• **Working data**
**********
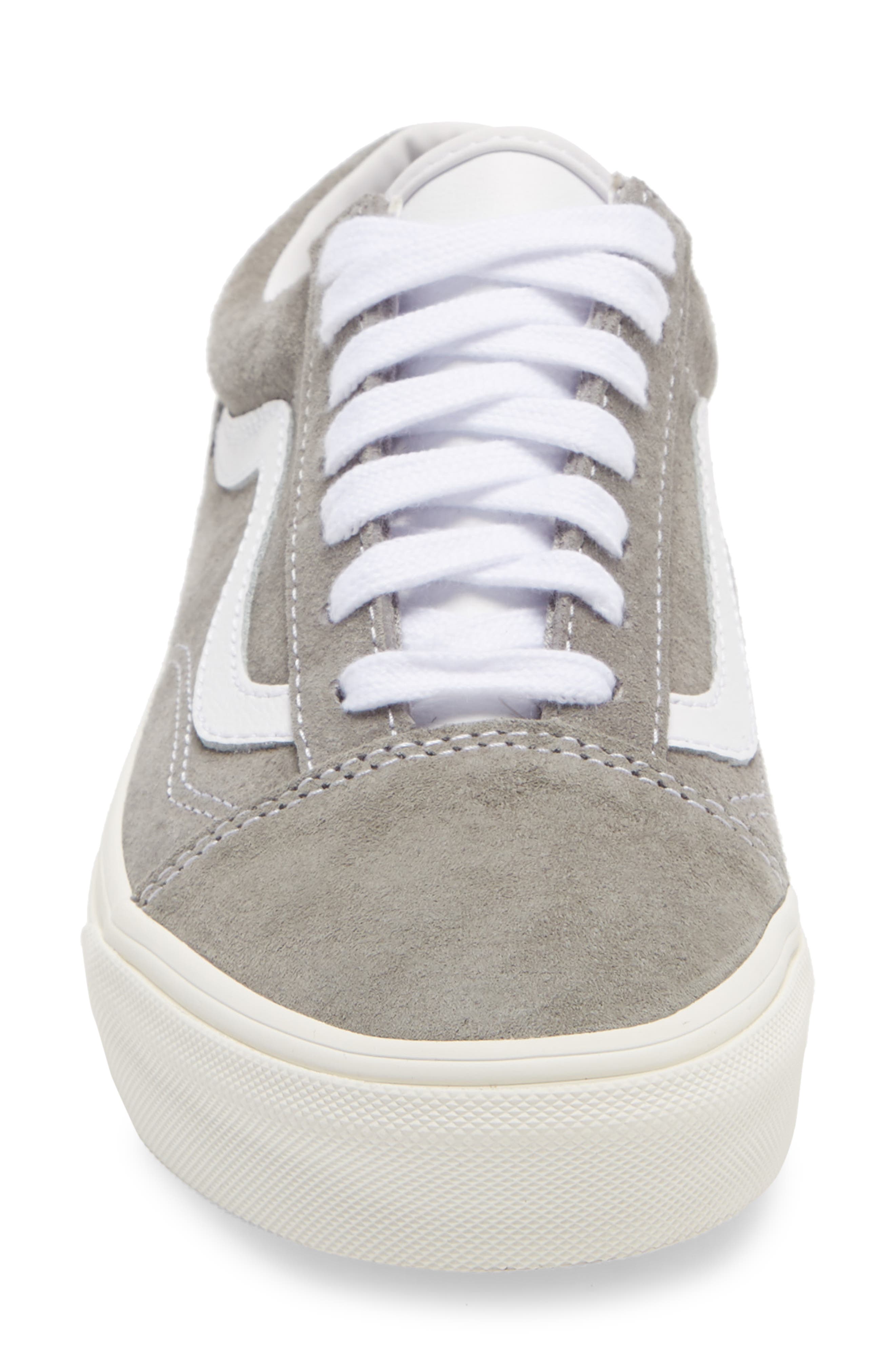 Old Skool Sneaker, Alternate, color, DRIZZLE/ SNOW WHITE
**********
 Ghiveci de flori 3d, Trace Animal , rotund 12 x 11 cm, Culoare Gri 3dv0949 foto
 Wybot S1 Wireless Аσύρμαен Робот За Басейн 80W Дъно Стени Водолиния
**********
• **Task to carry out**
Retype the entries above exactly, but only from the line containing "Ghiveci de flori" through the line containing "Wybot S1 Wireless", both included.

• **Response to this task**
 Ghiveci de flori 3d, Trace Animal , rotund 12 x 11 cm, Culoare Gri 3dv0949 foto
 Wybot S1 Wireless Аσύρμαен Робот За Басейн 80W Дъно Стени Водолиния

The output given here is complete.